* **The problem**: Please print, exactly, only the lines in the entries below from the line that has "Converse: Chuck Taylor's" through the line that has "Как оформить загородный". Pictures don't go in.

----- Dataset records -----

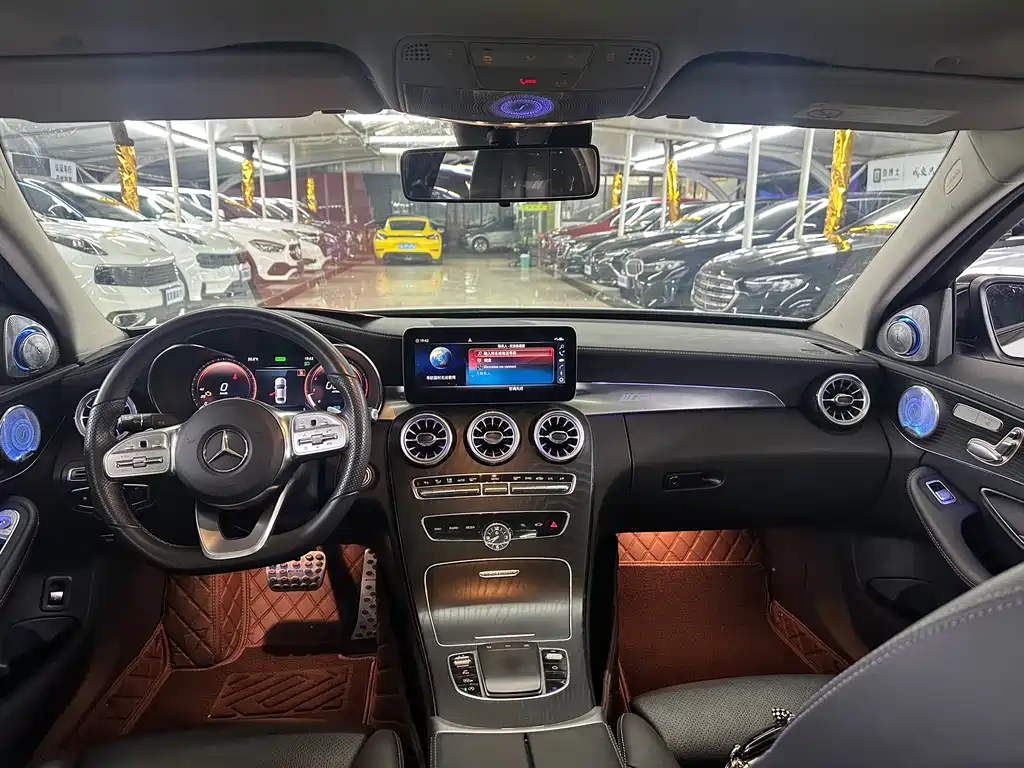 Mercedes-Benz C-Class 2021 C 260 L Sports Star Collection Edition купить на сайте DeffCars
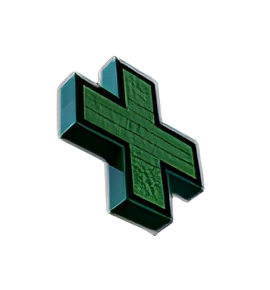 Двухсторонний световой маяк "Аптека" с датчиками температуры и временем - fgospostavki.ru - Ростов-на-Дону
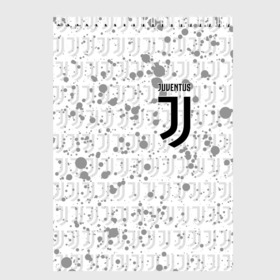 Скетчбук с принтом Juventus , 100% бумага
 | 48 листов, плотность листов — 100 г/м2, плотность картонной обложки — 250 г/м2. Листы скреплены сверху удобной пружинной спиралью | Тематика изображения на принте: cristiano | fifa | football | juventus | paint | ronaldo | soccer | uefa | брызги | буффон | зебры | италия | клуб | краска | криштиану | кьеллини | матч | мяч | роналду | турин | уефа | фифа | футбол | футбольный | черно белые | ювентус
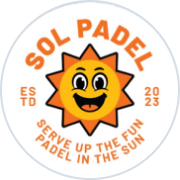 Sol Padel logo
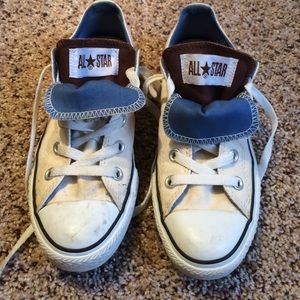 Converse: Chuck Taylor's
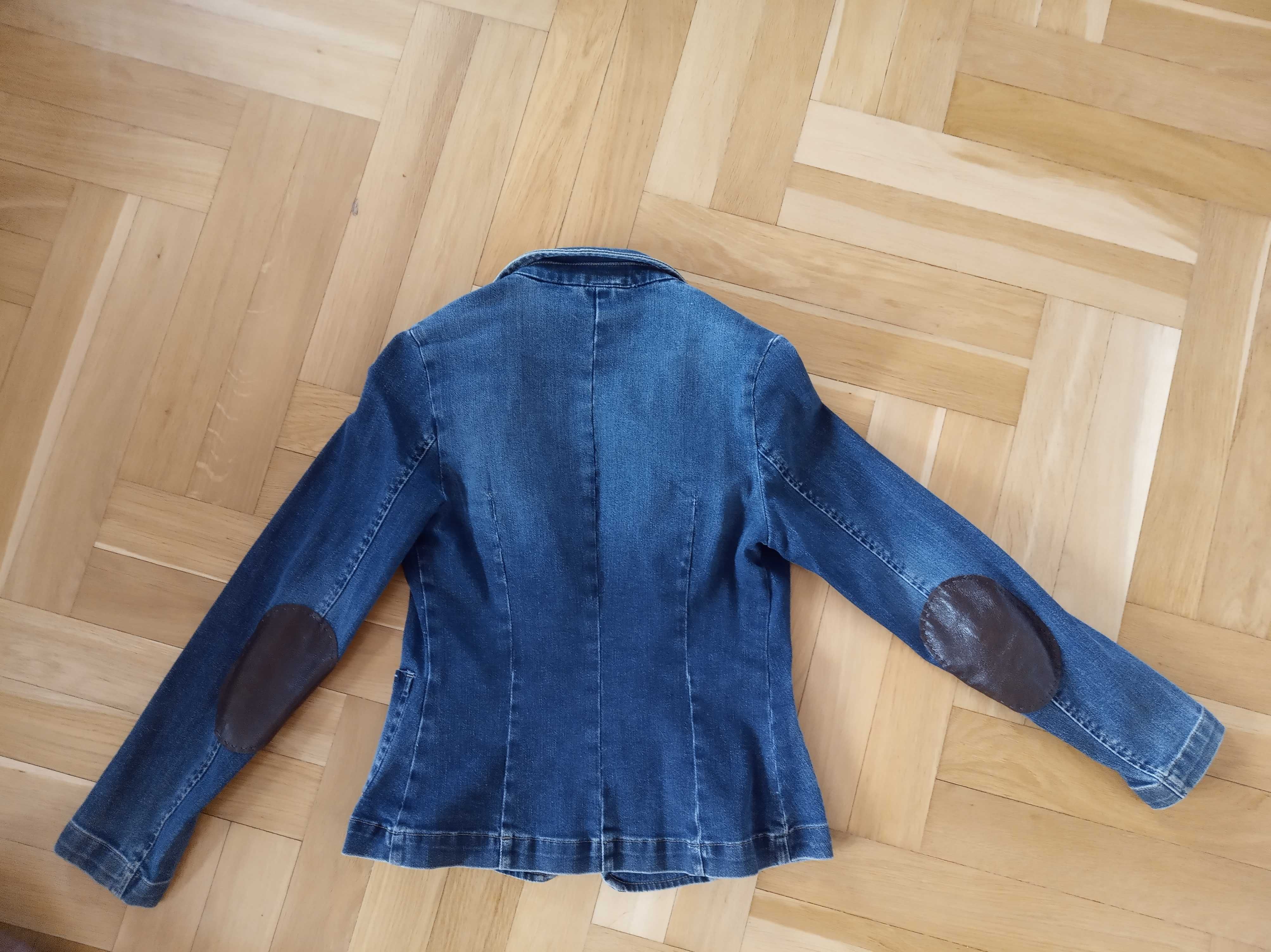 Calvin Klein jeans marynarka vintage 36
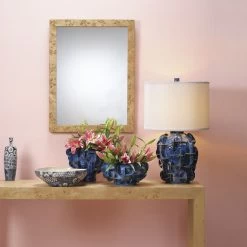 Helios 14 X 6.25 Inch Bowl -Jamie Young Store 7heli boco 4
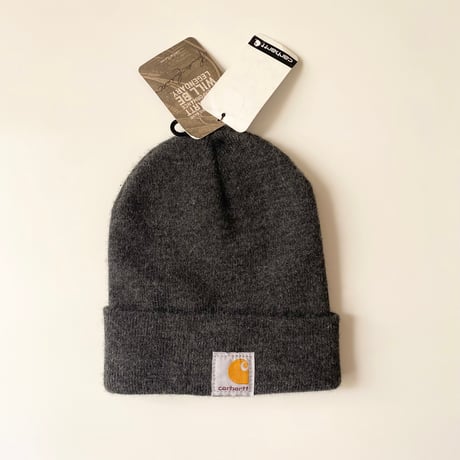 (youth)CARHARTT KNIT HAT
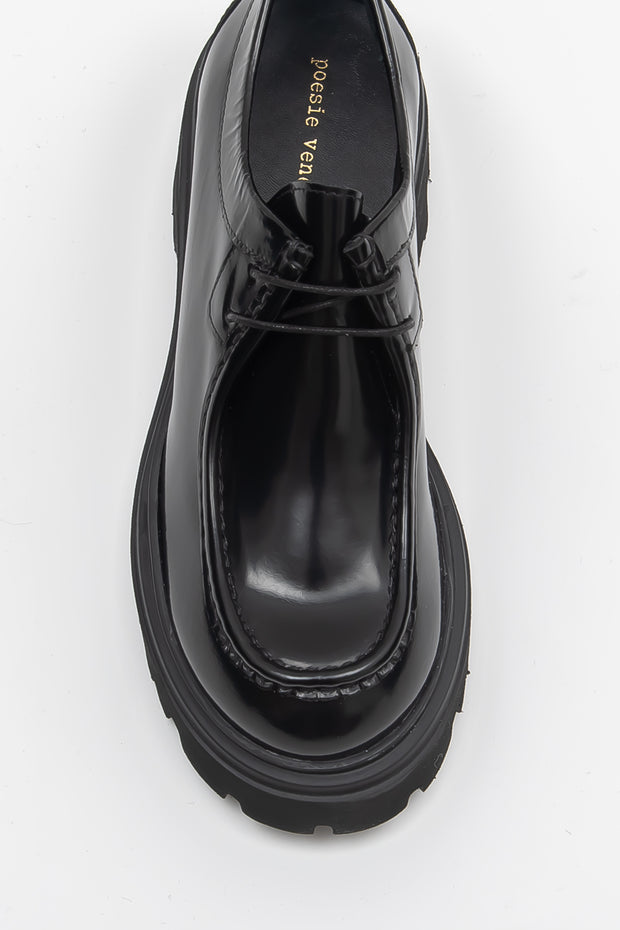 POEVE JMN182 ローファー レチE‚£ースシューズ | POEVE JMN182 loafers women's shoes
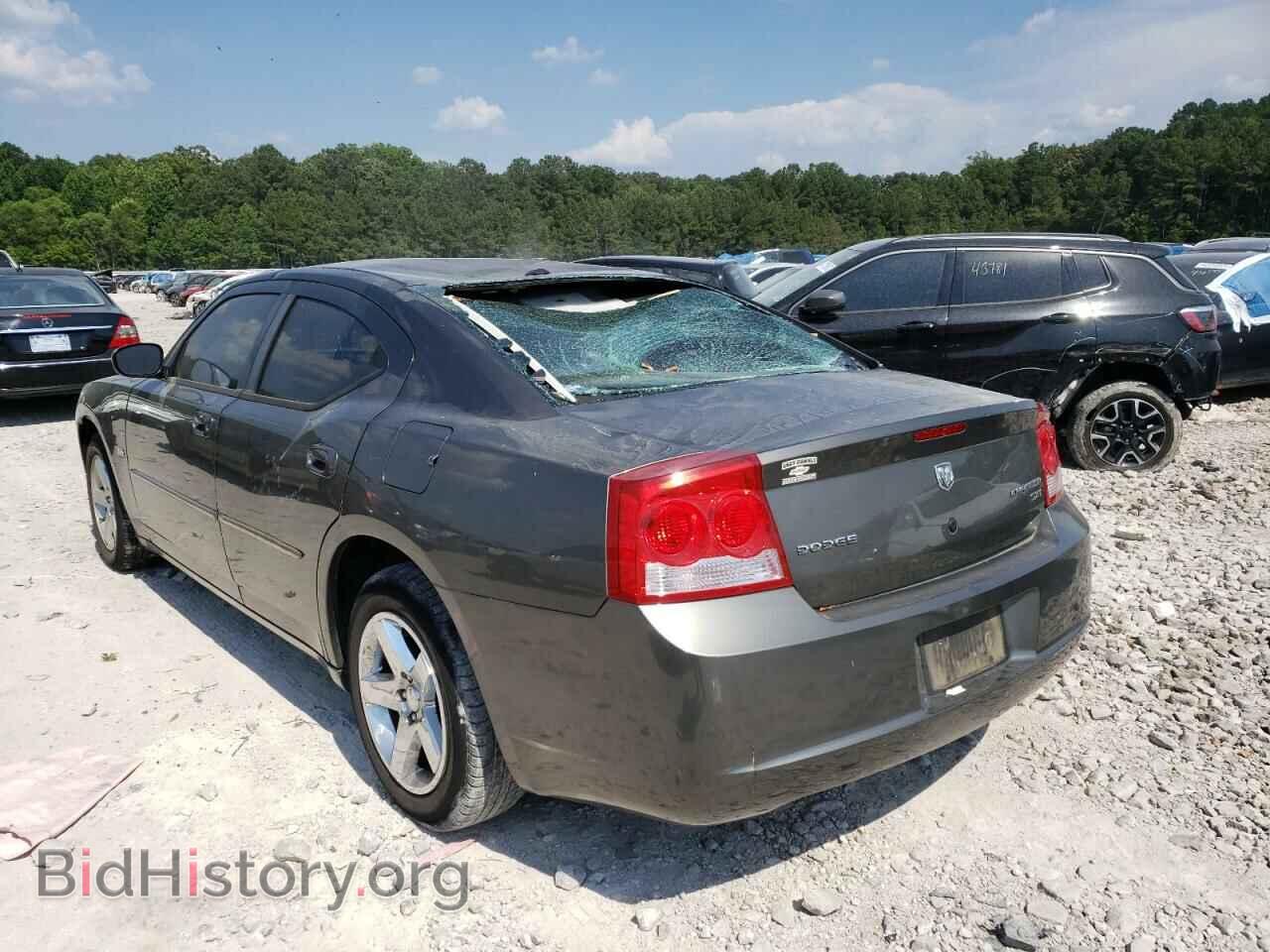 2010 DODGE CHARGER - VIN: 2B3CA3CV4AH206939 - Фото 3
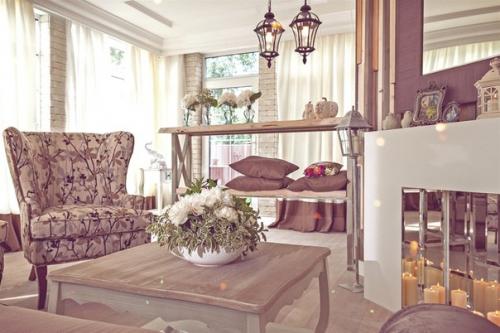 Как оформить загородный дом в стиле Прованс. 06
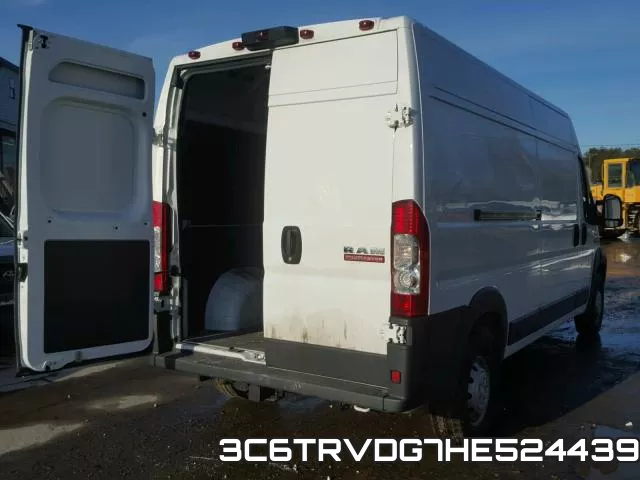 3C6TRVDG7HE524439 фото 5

-----

* **Completed exercise**:
 Converse: Chuck Taylor's
 Calvin Klein jeans marynarka vintage 36
 Helios 14 X 6.25 Inch Bowl -Jamie Young Store 7heli boco 4
 (youth)CARHARTT KNIT HAT
 POEVE JMN182 ローファー レチE‚£ースシューズ | POEVE JMN182 loafers women's shoes
 2010 DODGE CHARGER - VIN: 2B3CA3CV4AH206939 - Фото 3
 Как оформить загородный дом в стиле Прованс. 06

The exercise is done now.